The game goes on by playing with statistics from Chernobyl. Monbiot again quotes the highly disputed number of 43 deaths from the Chernobyl nuclear meltdown, taken from the Chernobyl Forum report. Not only does he uncritically follow the statistics given by an international body that incorporates one of the strongest pro-nuclear lobbies in the world, he is dishonest enough not to quote it correctly, as Joe Giambrone neatly exposes (see Counterpunch).

The Chernobyl Forum estimated that about 9000 deaths were to be expected from the accident, explaining that the number was just an unreliable and disputable estimate. Other estimates have put the number of deaths at 100 times more. Yet, Monbiot clings on to his fantasy.

From this intensive cherry picking of data (a “sin” that he considers anti-nuclear activists guilty of), Monbiot concludes that coal mining kills as many people in a week as the Chernobyl meltdown has killed in 25 years. I guess we should make a petition for Ukrainian authorities to give permission for Monbiot to move to the Chernobyl exclusion zone, as he clearly thinks that it is perfectly safe to live there.

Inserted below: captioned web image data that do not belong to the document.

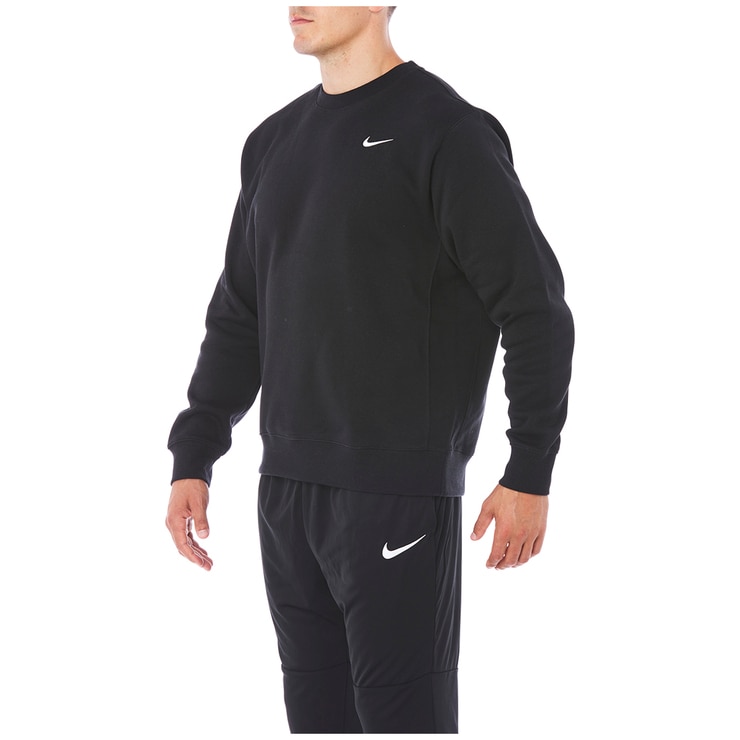 Nike Men's Long Sleeve Crew Sweatshirt Black Costco Australia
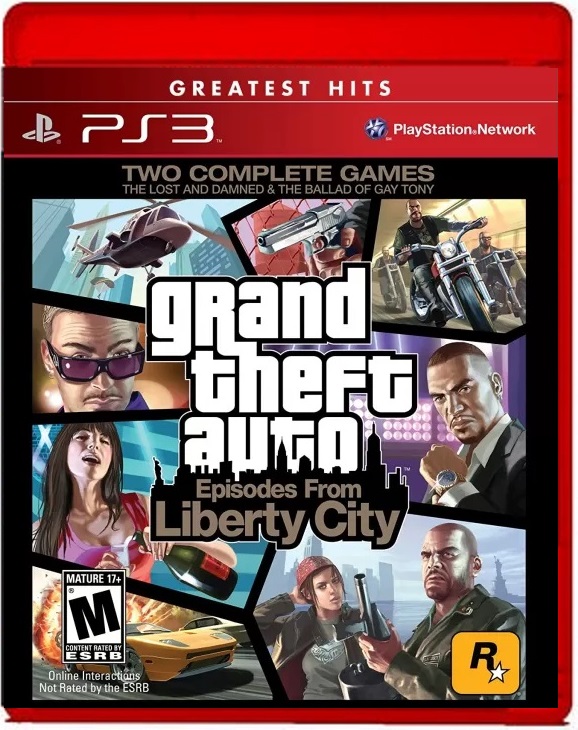 Grand Theft Auto: Episodes from Liberty City [Hits] US (Б/У) [PS3]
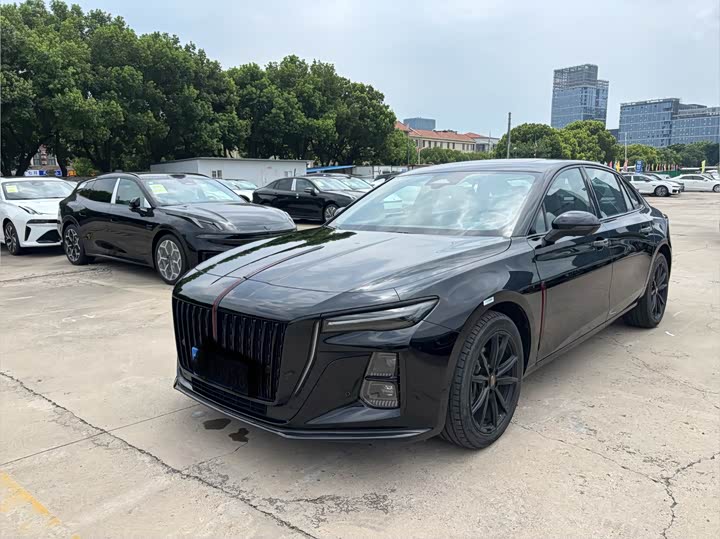 Hongqi H5 2025 2.0T Automatic Xuanying Edition
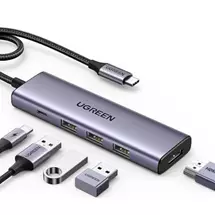 Ugreen 15596 laptop dock/port replicator Wired USB 3.2 Gen 1 (3.1 Gen
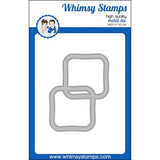 Whimsy Stamps - Connected Tiles Frame Die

From this manipulation of data comes an accusation: “When was the last time you heard an anti-nuclear campaigner drawing attention to this daily carnage? No really, when was it?” I don’t know what Monbiot considers as an “anti-nuclear campaigner” but since all environmentalists fall into this category I used a highly advanced technique to find out what environmental NGOs think of coal mining: I searched their websites.

Take Greenpeace, the most well-known opposer of nuclear power. In its 2008 report The true cost of coal, it places deaths and injuries by mining accidents as one of the most important non-paid “external costs”, showing how coal mining is ruining the lives of communities around the world (see link). In a briefing from last year, about mining impacts, it is written: “Mine collapses and accidents kill thousands of workers around the world every year. Chinese coal mine accidents killed 4,700 people in 2006” (see link).

Other examples exist, if one is willing to spend about five minutes searching for them. In fact, I don’t think there’s a single environmental NGO which doesn’t oppose coal as fiercely as it opposes nuclear power.

There’s another interpretation of “anti-nuclear campaigner”, though. Monbiot could be talking about members of anti-nuclear groups. In this case, it wouldn’t be surprising if none of these groups had ever took a stand against coal-mining accidents. But then again, an anti-nuclear group focuses its action on nuclear power, so I wouldn’t expect it also to take a stand on biodiversity loss, war for oil or the Lbyan civil war. As I wouldn’t expect an anti-coal group to take a stand against uranium mining.

Double standard 2: the science

Monbiot rightfully claims that, when debating climate change, we should focus on the scientific consensus and rely on solid, peer-reviewed studies. He then makes a rhetorical jump to the health dangers of low-level radiation, to argue that there is no scientific evidence that they exist. He makes this claim based on an article by Goodall and Lynas, his pro-nuclear allies (see link).

I won’t dispute the scientific data exposed in the quoted article, although I think it is clear that its implicit conclusion, that even very high levels of radioactivity can be safe, is highly misleading. But there is at least one flagrant omission, the authors chose to focus only on mortality from radiation.

Taking into account that exposure from radiation causes several illnesses, miscarriages and health problems like hypothyroidism, sterility and cognitive deficiencies, one would hope that these guys would take some time to explain to us ignorant fools how these impacts are non-important. But they just choose to ignore the issue.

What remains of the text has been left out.